I wouldn’t put a ton of money in Revolut either, it doesn’t have an official banking licence (though it seems to be offering current accounts on its site? strange) so it isn’t FCSC protected- you are covered up to £85,000 usually. It’s not like I have a massive amount of money at the moment to lose, but I’d imagine it would be a concern to people who are earning a lot more money and looking for a bank to properly keep savings in.
@PeteyPie Eve makes an important distinction here. From a regulatory point of view Revolut are not a bank as they don’t have full authorisation and therefore deposits are not covered by FSCS. Instead your money with Revolut sits in a ring fenced client account - Barclays possibly? They operate under E-Money Regulations which have different requirements and protections to a full banking licence.

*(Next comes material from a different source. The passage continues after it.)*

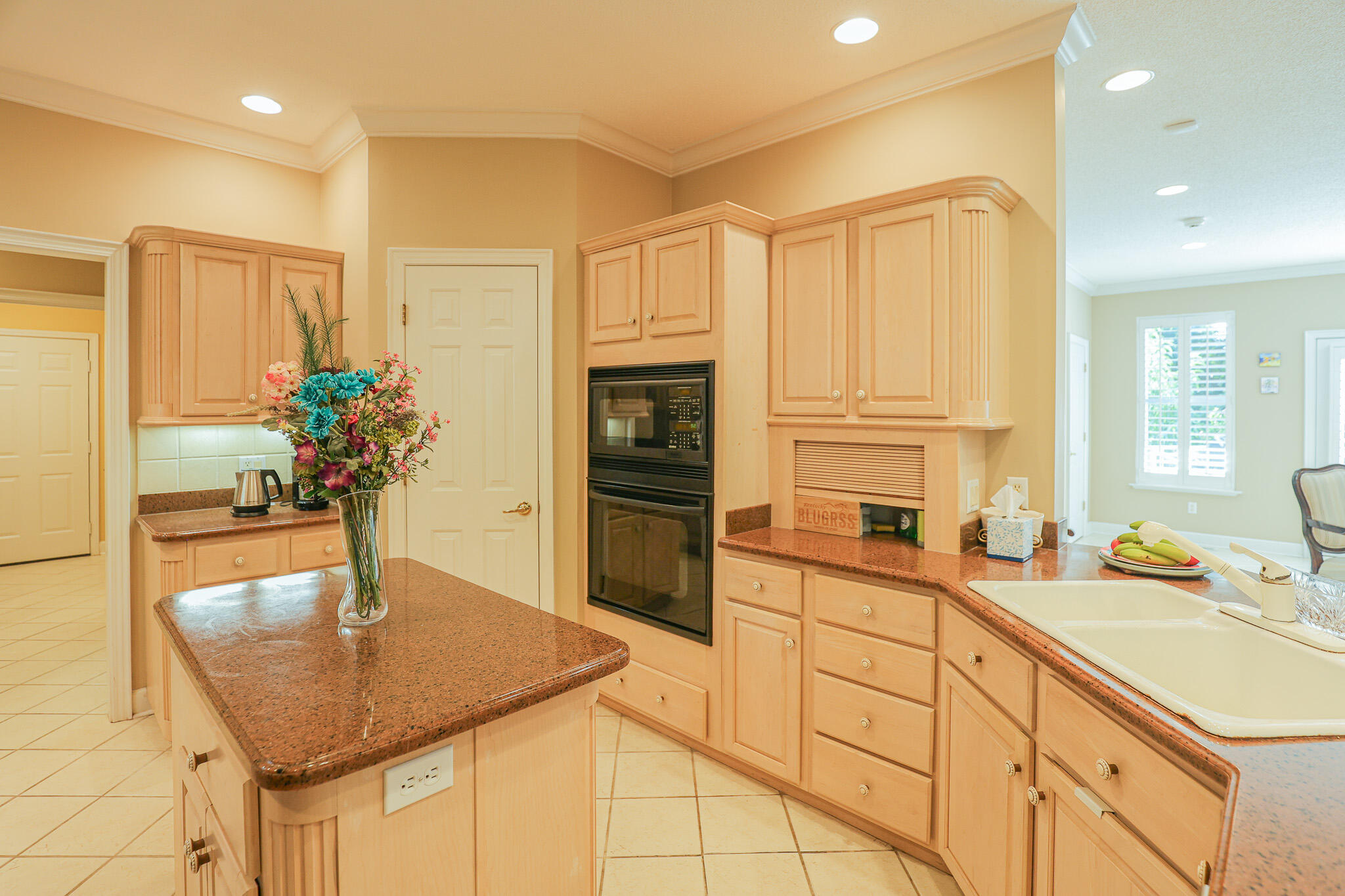 1001 Lakeview Drive Property Photo 21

They have applied for EU full banking authorisation, though in the past Nik has claimed that their customers are safer under their current operating structure as their money is ring fenced, as opposed to a fully authorised tier 2/3 bank…
FCSC protection is what is called deposit insurance and it only exists to provide what is called an “off-equilibrium threat” as a solution to the problem of a bank run (bad equilibrium in the Diamond-Dybvig Model). Bank runs can occur on banks because they engage in maturity transformation (where they lend out your short-term demand deposits and make long-term loans).
Economics aside, because…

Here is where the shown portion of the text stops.